Todavia, o Collor de hoje, que assumiu - ao menos nesse ponto um discurso a agradar aos críticos das medidas adotadas por Sérgio Moro - já foi mais durão em relação à bandidagem violenta que assola o país. Em 2010, quando disputou o governo do Estado de Alagoas, disse que enfrentaria a deliquência com "munhecada no espinhaço" se preciso fosse.

Há um artigo de autoria do senador publicado no jornal Gazeta de Alagoas que trata sobre o assunto. Lá, Collor - que já era senador pelo PTB - relembra o episódio e fala da segurança pública. Mais ainda: ele se revolta com quem pinça determinadas falas e ações dos contextos da realidade para dar a elas um verniz ideológico e oportunista.

Se dizia vítima da "desonestidade intelectual" daqueles que distorceram a mensagem que quis passar. Qual era a mensagem: endurecer com os bandidos violentos, homicidas, ligados ao crime organizado, ao tráfico etc por justamente querer preservar a vida e a paz na construção de uma sociedade que esteja focada nas vítimas e não nos criminosos.

Olhem um dos trechos do artigo de Collor:

"Foi nesse clima de desmonte do aparato de segurança pública, e da ausência de uma rede de proteção social, que reagi indignado, certamente refletindo a revolta da cidadania alagoana pela leniência governamental. Dar “munhecada” é lançar mão, de forma pronta e firme, da caneta de gestor. É de conhecimento da sociedade o comportamento hesitante do governador, que precisa ler o recente e circunstanciado relatório produzido pela Comissão Especial de Inquérito da Câmara Municipal de Maceió. Essa CEI investigou seriamente a violência homicida em nossa capital".

O senador alagoano segue cobrando o fortalecimento da Policia Militar, ações que acelerem inquéritos para punir os criminosos, combatendo de forma efetiva a cultura da impunidade. E conclui: "Prosseguirei, entretanto, trabalhando e pregando contra os malfeitos locais, independente de agradar ou não a pena do aparvalhado ideólogo do “establishment” estadual".

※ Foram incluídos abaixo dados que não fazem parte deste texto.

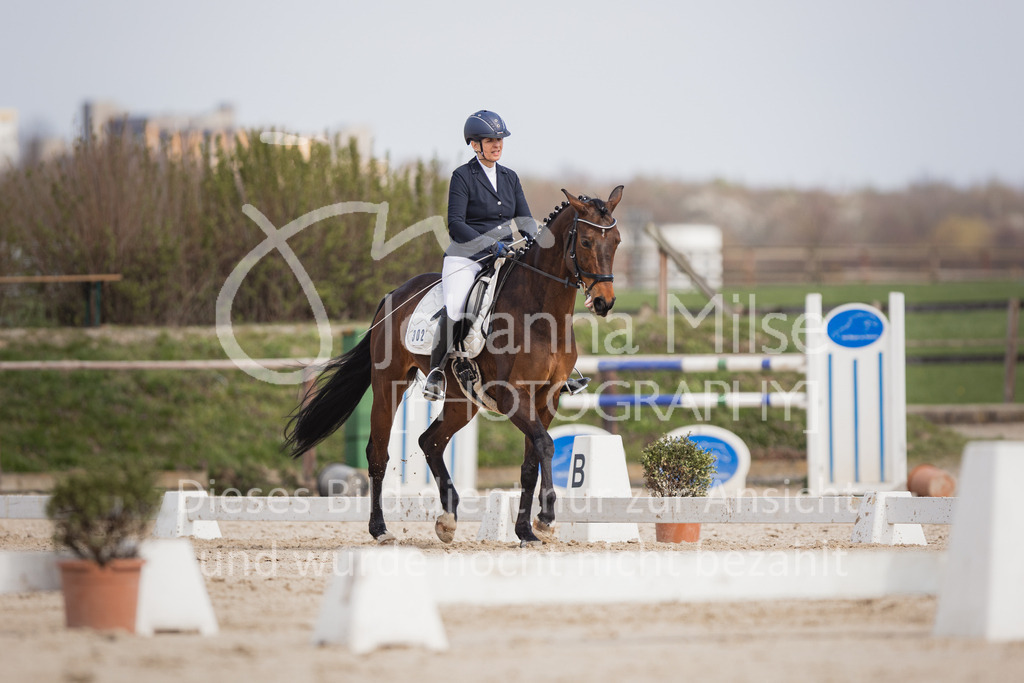 230410_Frühlingsfest_DressurWBE1-212 | Deine schönsten Turniermomente als professionelle Fotos! Entdecke hochwertige Pferdesport-Fotografie im Online-Shop. Jetzt Fotos finden & bestellen!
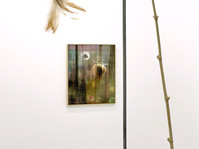 ROMO (solo show), Galerie Alain Gutharc, Paris (FR), 2022 - © Guillaume Linard-Osorio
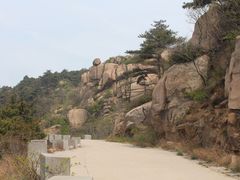 -鲁山国家森林公园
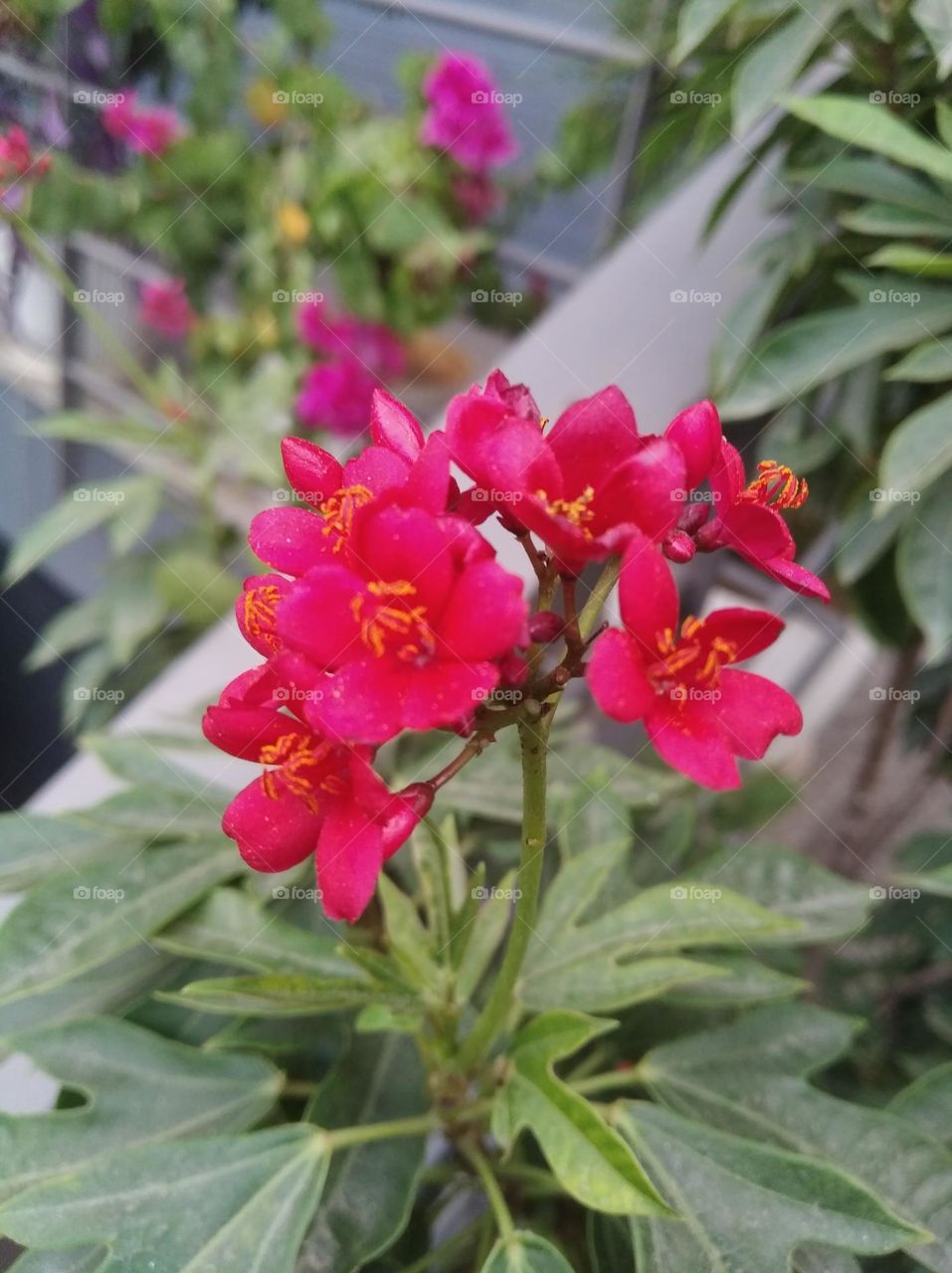red flower seasonal fresh shurb small size looks very beautiful generally found everywhere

O senador Collor também fala da necessidade de políticas públicas preventivas porque sabe - e o ministro Sérgio Moro também o sabe - que elas não podem ser dissociadas. Acontece que Moro comanda uma pasta de Segurança Pública e só pode propor as medidas inerentes a sua área em função da realidade que encontra. O contexto maior - que envolve os outros ministérios  - é que caminham para as políticas transversais sem que umas excluam as outras.

Portanto, o que busca Moro é o endurecimento que, lá atrás, de forma enfática, Collor de Mello defendia. Ele sabe disso. O "munhecada no espinhaço" obviamente é uma metáfora, mas que leva ao entendimento do endurecimento do Estado com a bandidagem. É ou não é isso que Collor já defendeu? Claro que é!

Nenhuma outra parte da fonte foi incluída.